Das Cern, die europäische Organisation für Kernforschung, die ihren Sitz im Schweizer Kanton Genf hat und das Experiment durchführt, gab eine Expertise in Auftrag. Die über hundert Seiten starke Veröffentlichung, von den renommiertesten Teilchenphysikern der Welt verfasst, erklärte der Öffentlichkeit die Ungefährlichkeit der künstlichen Protonenkollision. Ihr Resümee klingt einleuchtend. In der Natur fänden ständig die gleichen Phänomene statt, ohne dass es zu gefährlichen Entwicklungen käme.

Die Rahmenbedingungen allerdings für dieses aufsehenerregende Experiment geben Anlass zu Spekulationen. Der Teilchenbeschleuniger Large Hadron Collider (LHC) befindet sich bis zu 140 Meter tief unter der Erde. Der ringförmige Tunnel, der mit Elektromagneten und Kühlsystemen gefüllt ist, hat eine Länge von knapp 27 Kilometern. Die Teilchen, die aufeinanderprallen, werden zuvor fast bis zur Lichtgeschwindigkeit beschleunigt.

Beim Aufprall entstehen winzige Feuerbälle, die eine Temperatur von 10 Billionen Grad Celsius haben. Somit sind diese Punkte, die kleiner als ein Atom sind, etwa 1 Million Mal heißer als unsere Sonne. Verschiedene haushohe Detektoren, die in riesigen Kavernen am Tunnel installiert sind, messen die unterschiedlichen Zerfallsprodukte. Die gewonnenen Erkenntnisse werden von tausenden von Forschern auf der ganzen Welt ausgewertet.

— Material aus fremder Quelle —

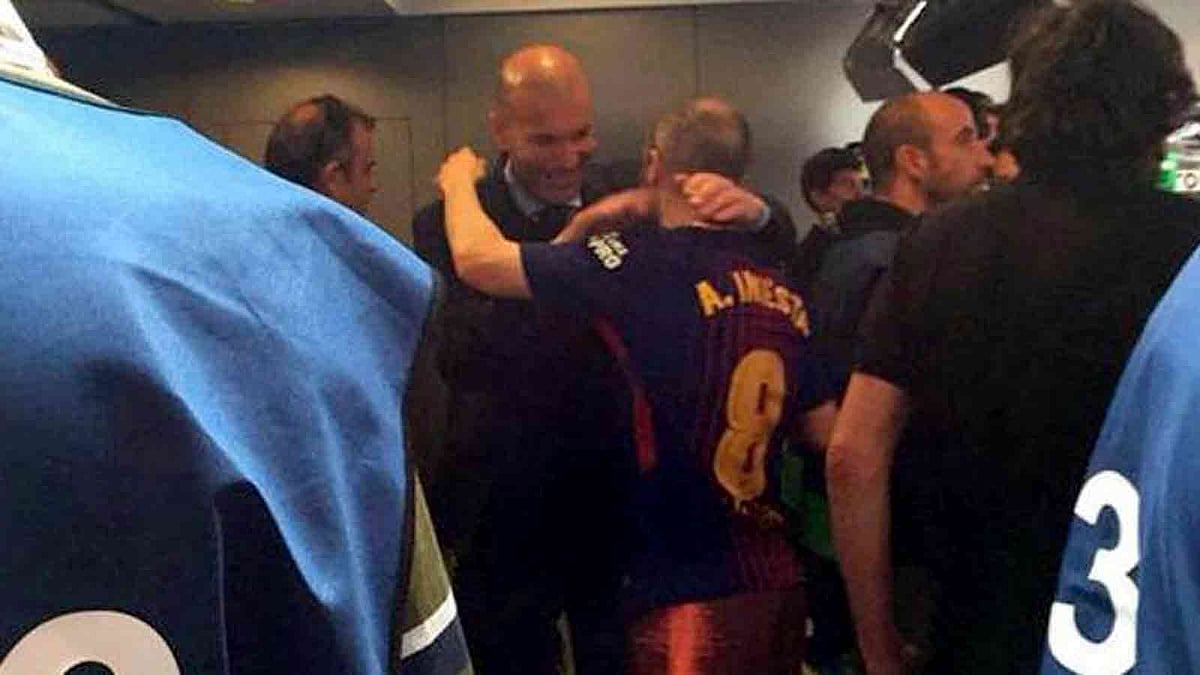 টানেলে এভাবেই ইনিয়েস্তাকে জড়িয়ে ধরলেন জিনেদিন জিদান। ছবি: মার্কা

Insgesamt über 8.000 Gastwissenschaftler aus 85 Nationen arbeiten an Cern-Experimenten. Einer davon ist Wolfgang Wagner, Professor an der Bergischen Universität Wuppertal. Der Teilchenphysiker hofft, das Verständnis davon, was die Welt zusammenhält, radikal verändern zu können.

Wenn er von seinem Arbeitsgebiet erzählt, wird es für Laien schnell kompliziert. Neutronen, Protonen und Elektronen, so lernten noch vor 40 Jahren Kinder in der Schule, seien die kleinsten Bausteine, aus denen alle Atome und somit das gesamte Universum zusammengesetzt sei. Schon zu jener Zeit allerdings wurde die Existenz noch kleinerer Bausteine, sogenannter Quarks, bewiesen.

Inzwischen unterscheidet man sechs verschiedene Quarks, deren Namen sich tatsächlich vom deutschen Wort für ein Molkereiprodukt ableitet. Up- und Down-Quarks wurden als Erste gefunden, später gesellten sich Strange-, Charme-, Bottom- und Top-Quarks hinzu. Wagner nun möchte zusammen mit seinen Kollegen mehr über diese Teilchen erfahren. Denn trotz aller Forschung kann die Physik nicht abschließend erklären, wie die Masse der Materie zustande kommt.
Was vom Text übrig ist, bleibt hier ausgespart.